(Stored data entries)
==========
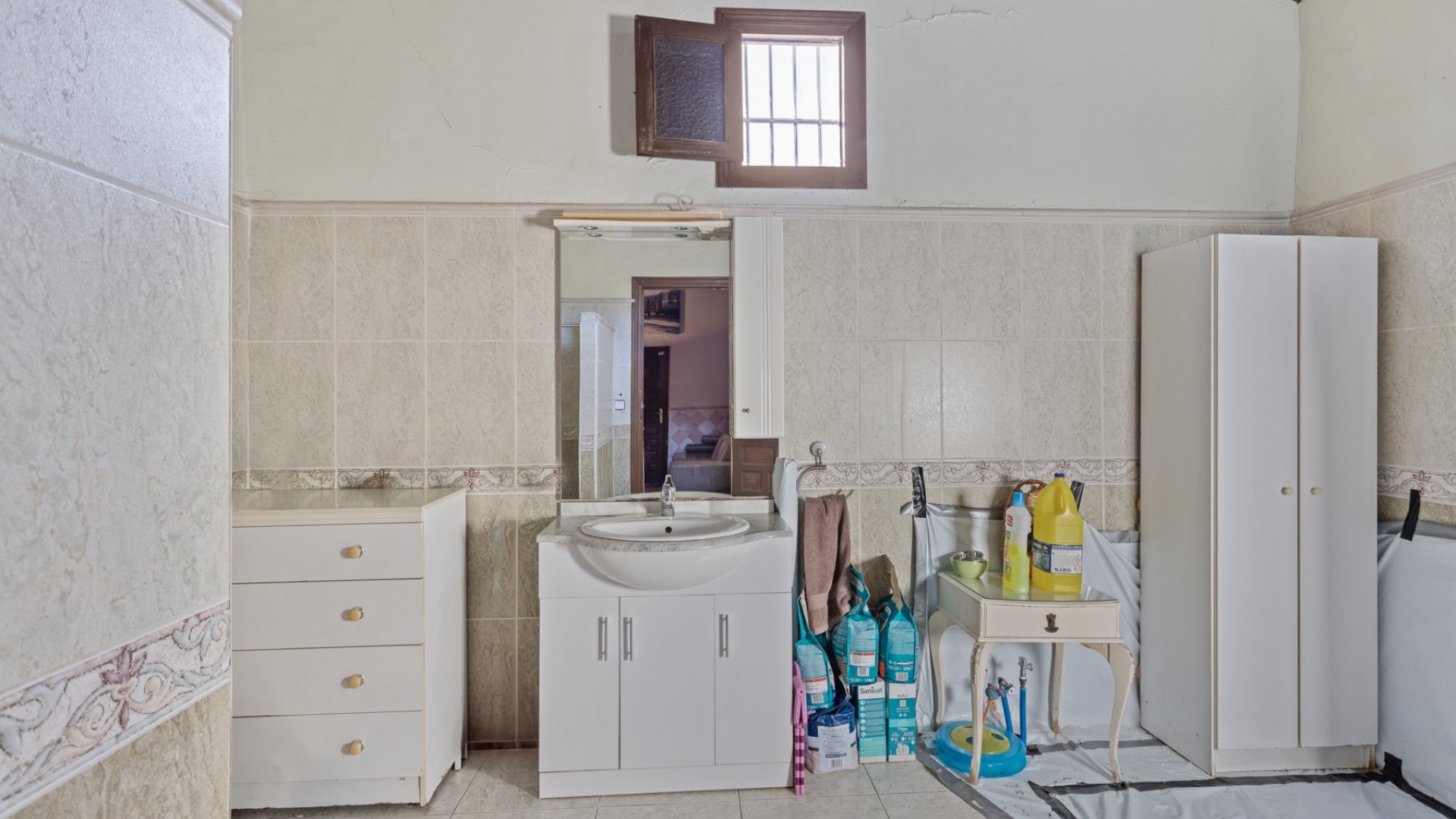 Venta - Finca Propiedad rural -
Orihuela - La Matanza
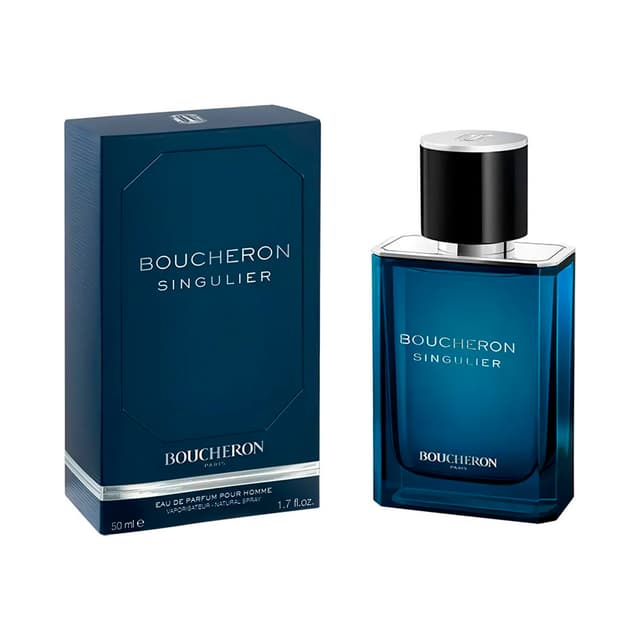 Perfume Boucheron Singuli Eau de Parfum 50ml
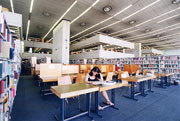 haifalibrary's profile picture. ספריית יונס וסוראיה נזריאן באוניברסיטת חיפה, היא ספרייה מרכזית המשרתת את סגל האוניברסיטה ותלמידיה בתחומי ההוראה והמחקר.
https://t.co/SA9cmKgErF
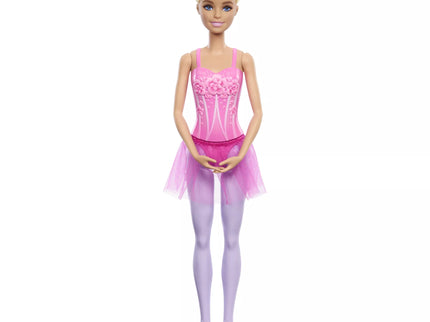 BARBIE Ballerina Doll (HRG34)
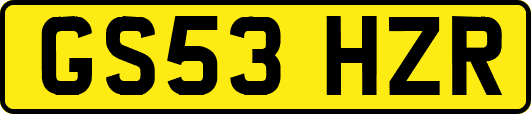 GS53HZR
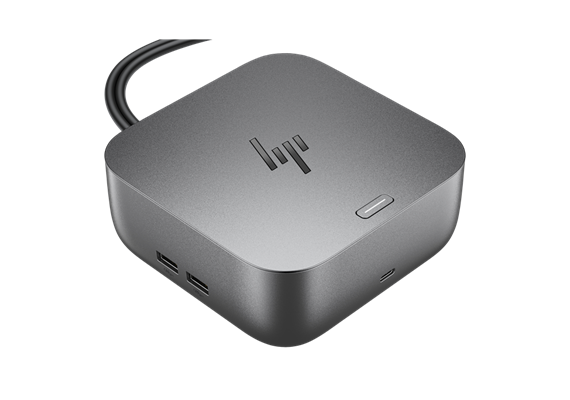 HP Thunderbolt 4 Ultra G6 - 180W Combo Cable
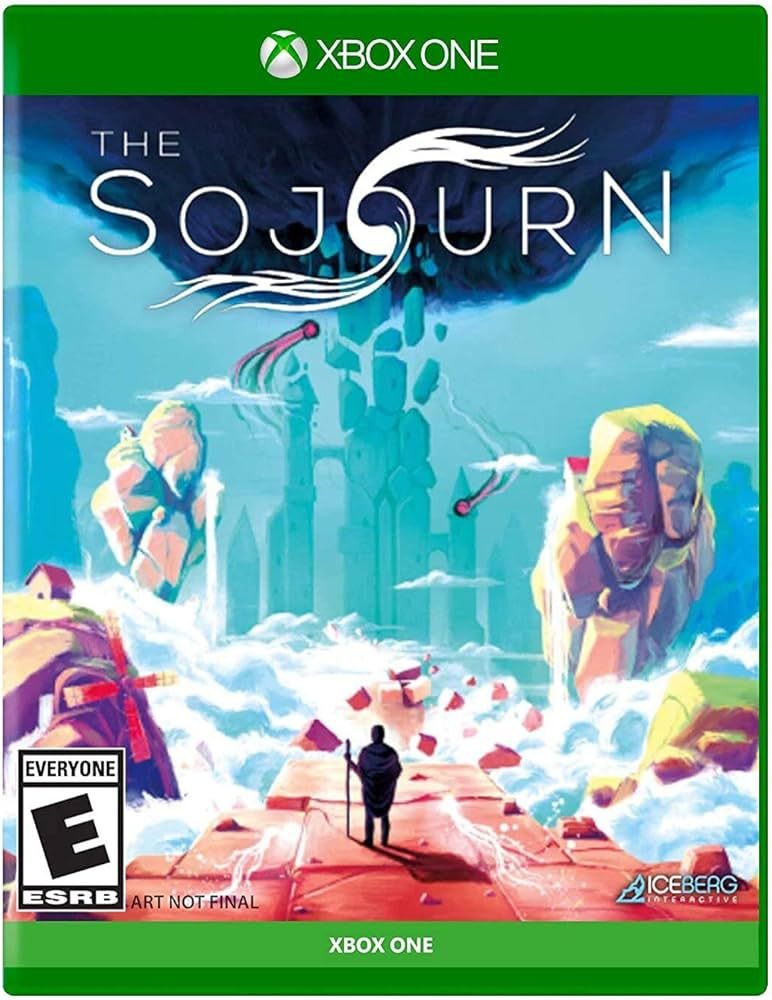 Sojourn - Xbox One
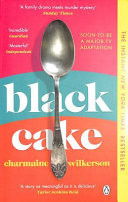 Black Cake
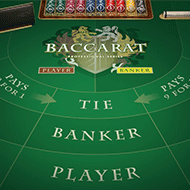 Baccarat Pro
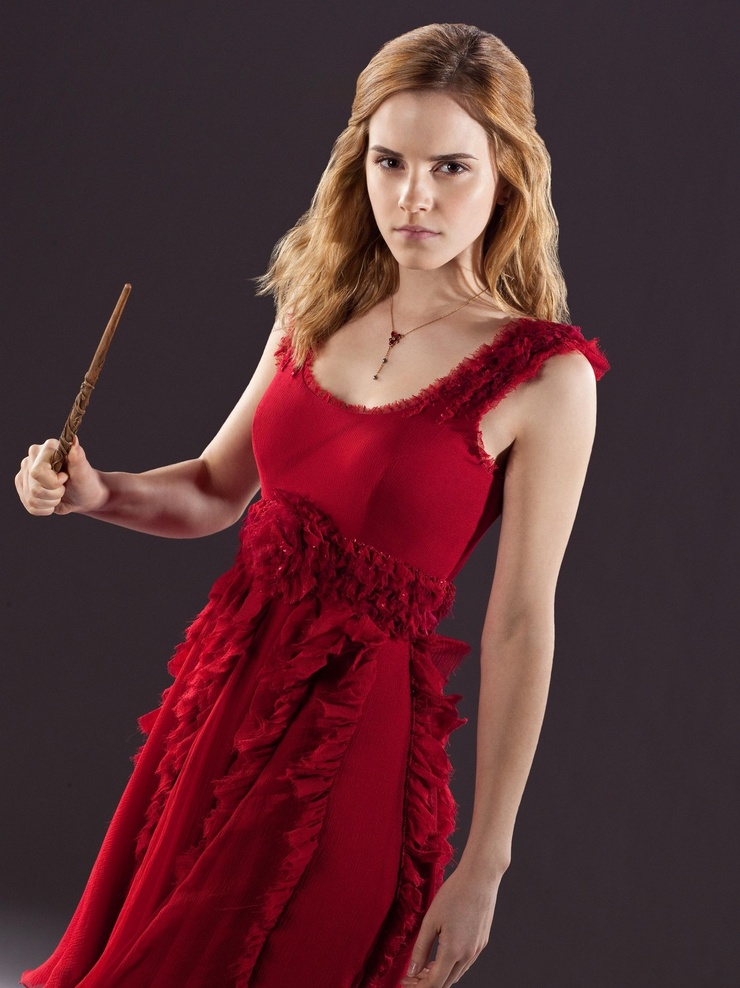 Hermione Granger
==========
Work required |
With the pictures omitted, set down each line exactly, starting at the first line of the records above and ending with the line that contains "haifalibrary's profile picture.".

Exercise output |
 Venta - Finca Propiedad rural -
Orihuela - La Matanza
 Perfume Boucheron Singuli Eau de Parfum 50ml
 haifalibrary's profile picture. ספריית יונס וסוראיה נזריאן באוניברסיטת חיפה, היא ספרייה מרכזית המשרתת את סגל האוניברסיטה ותלמידיה בתחומי ההוראה והמחקר.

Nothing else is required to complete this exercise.